##### DATA SUPPLIED #####
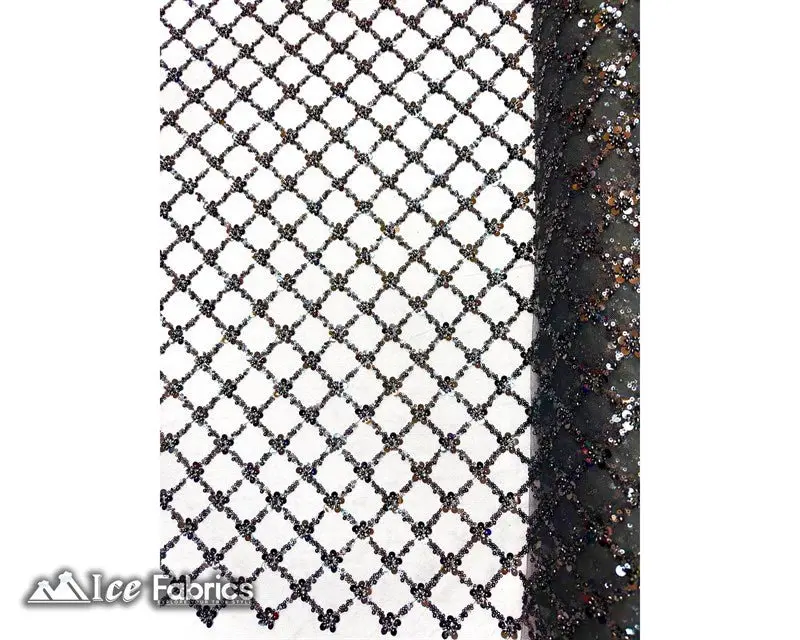 Geometric Sequin Lace Fabric – Embroidered & Beaded Design 1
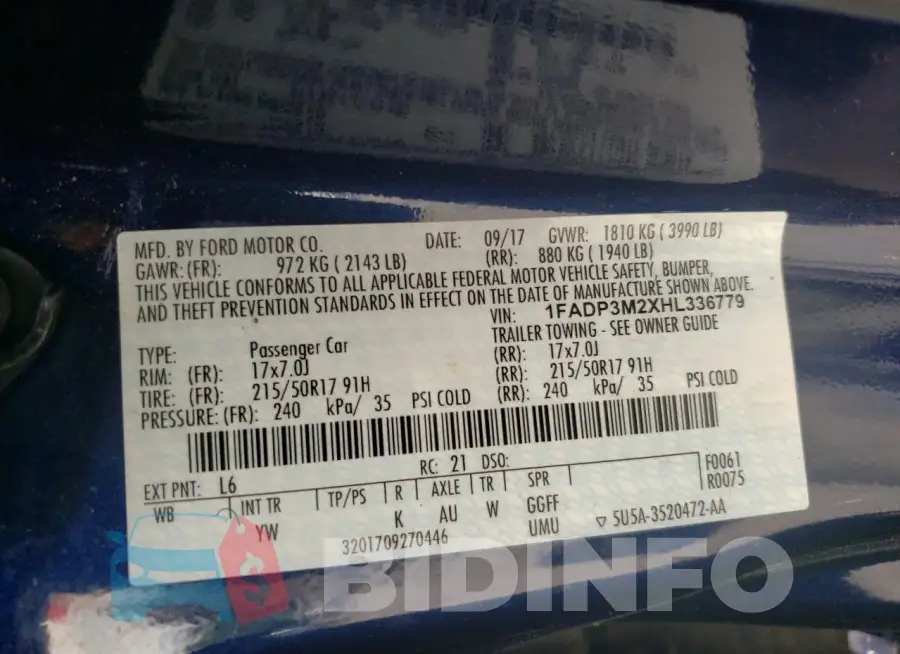 1FADP3M2XHL336779 Photo# 13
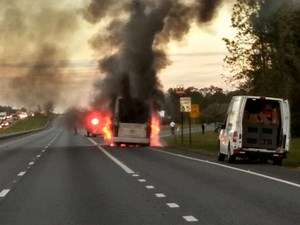 FHP: Bus full of students catches fire on Interstate 10, no injuries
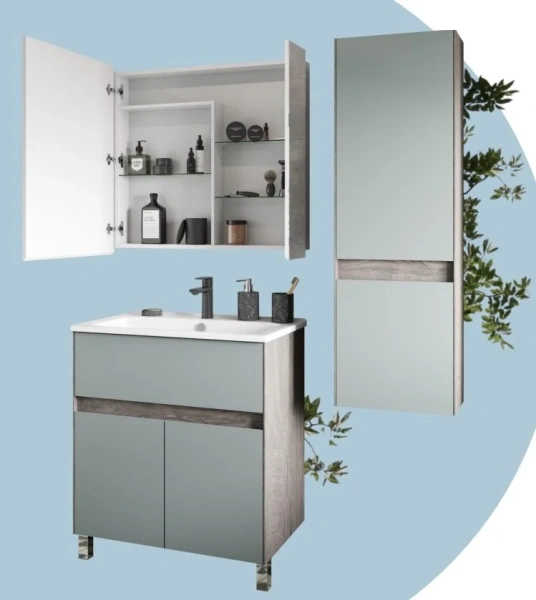 Тумба под раковину напольная Акватон Форест 60 см дуб рошелье/сумеречный голубой, современная, hi-tech - фото 3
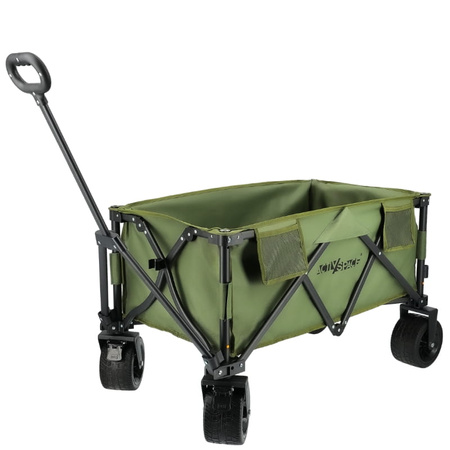 Wózek turystyczny kempingowy plażowy składany premium - army green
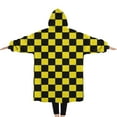 thumbnail image 2 of Oversized Wearable Blanket Hoodie,Yellow and Black Checkered Pattern Sherpa Blanket Hoodie with Super Pockets,Super Warm Fuzzy Pullover for Women & Men, 2 of 6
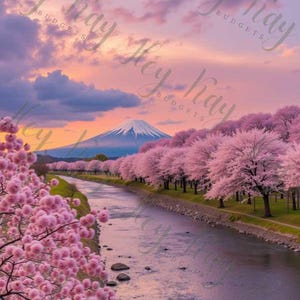 May include: A scenic view of Mount Fuji in Japan, with a river flowing through a valley lined with pink cherry blossom trees. The sky is a vibrant pink and orange, creating a beautiful sunset.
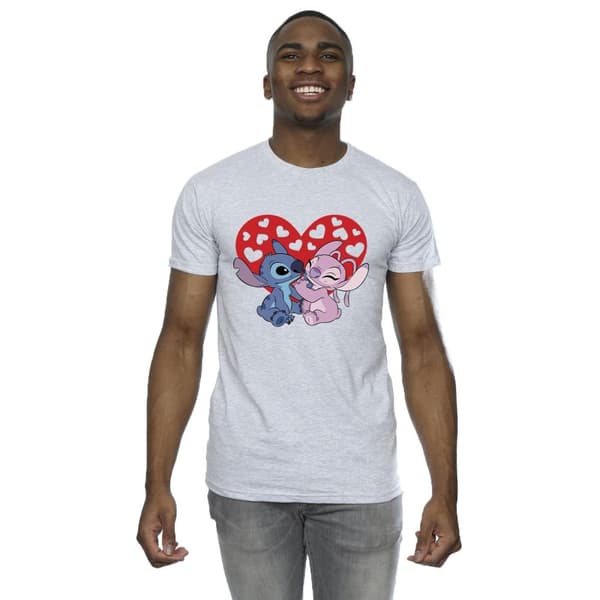 Disney Mens Lilo & Stitch Hearts T-Shirt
#####
Reproduce the lines above starting at the one with "Wózek turystyczny kempingowy" and ending at the one with "thumbnail image 2", both included, exactly and with no pictures.

- [REPLY]:
 Wózek turystyczny kempingowy plażowy składany premium - army green
 thumbnail image 2 of Oversized Wearable Blanket Hoodie,Yellow and Black Checkered Pattern Sherpa Blanket Hoodie with Super Pockets,Super Warm Fuzzy Pullover for Women & Men, 2 of 6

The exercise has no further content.